Segment Open

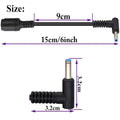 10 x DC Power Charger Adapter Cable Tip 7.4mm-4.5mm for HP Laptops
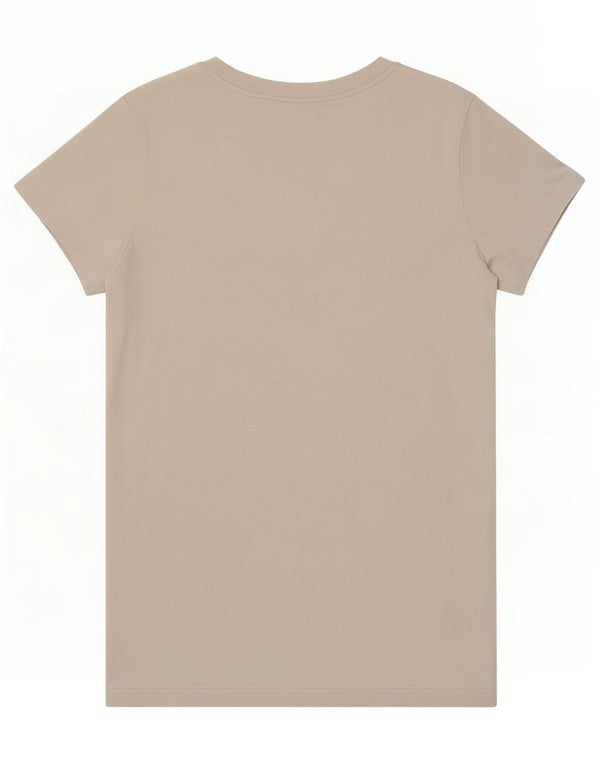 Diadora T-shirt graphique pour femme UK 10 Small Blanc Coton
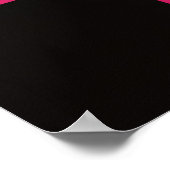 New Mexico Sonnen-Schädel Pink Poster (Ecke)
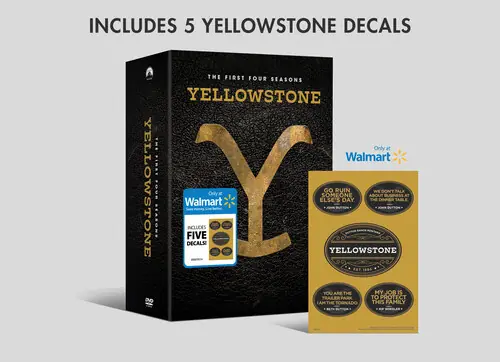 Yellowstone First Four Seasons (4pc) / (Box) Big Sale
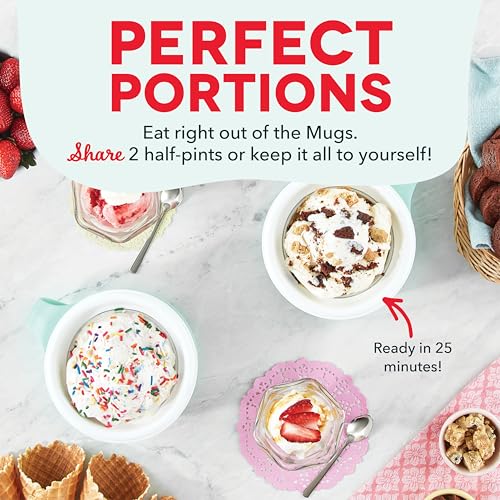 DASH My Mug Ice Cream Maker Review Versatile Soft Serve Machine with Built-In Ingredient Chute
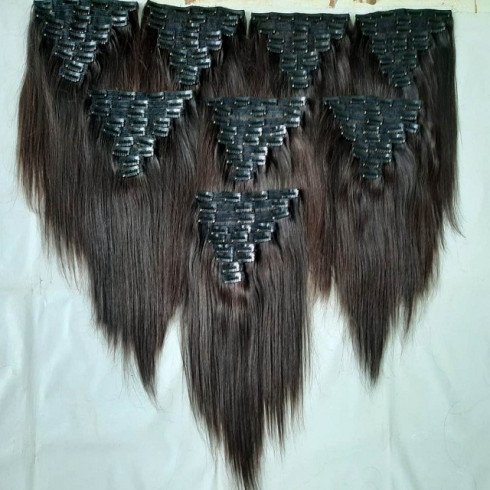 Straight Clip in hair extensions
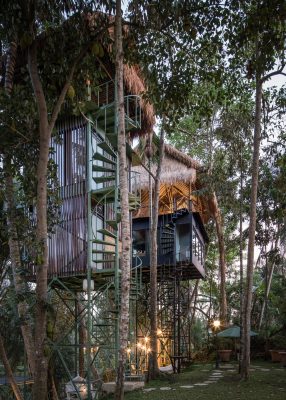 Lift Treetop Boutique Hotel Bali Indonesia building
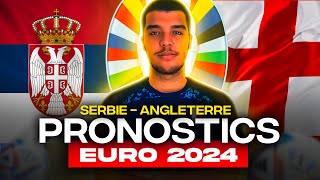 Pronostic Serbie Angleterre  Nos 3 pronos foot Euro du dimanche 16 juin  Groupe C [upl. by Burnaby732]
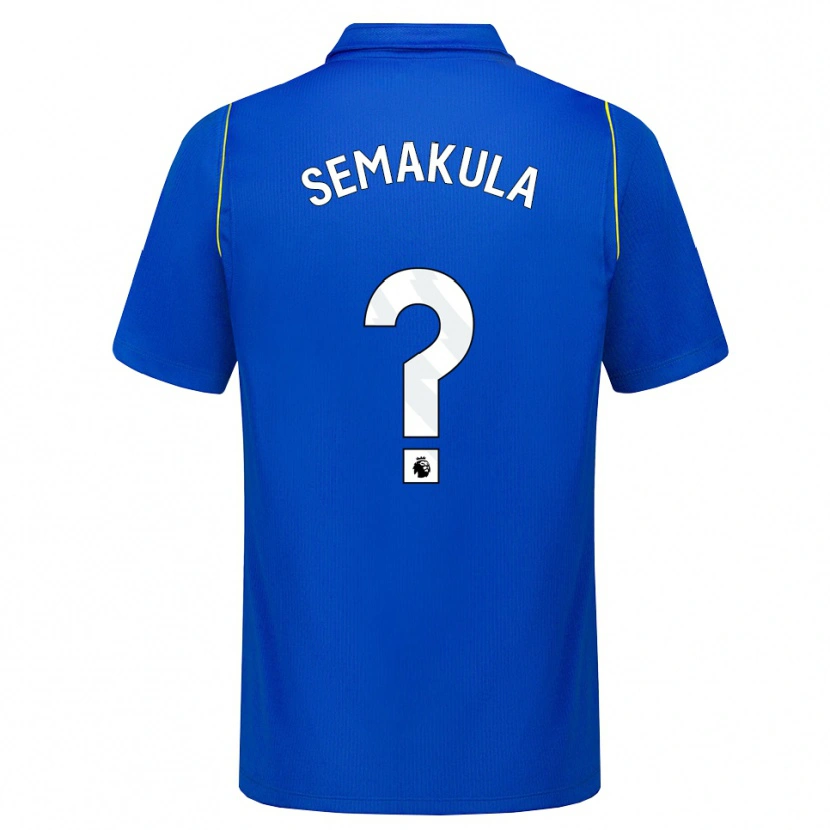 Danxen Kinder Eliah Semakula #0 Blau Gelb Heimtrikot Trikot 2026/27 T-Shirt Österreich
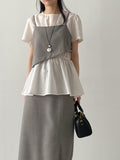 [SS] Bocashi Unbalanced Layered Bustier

Segment Closed

= PROBLEM DETAILS =
Only the lines from the first line of the data above through the line with "Lift Treetop Boutique" should appear in the answer, retyped exactly, with every picture left out.

= TASK SOLUTION =
 10 x DC Power Charger Adapter Cable Tip 7.4mm-4.5mm for HP Laptops
 Diadora T-shirt graphique pour femme UK 10 Small Blanc Coton
 New Mexico Sonnen-Schädel Pink Poster (Ecke)
 Yellowstone First Four Seasons (4pc) / (Box) Big Sale
 DASH My Mug Ice Cream Maker Review Versatile Soft Serve Machine with Built-In Ingredient Chute
 Straight Clip in hair extensions
 Lift Treetop Boutique Hotel Bali Indonesia building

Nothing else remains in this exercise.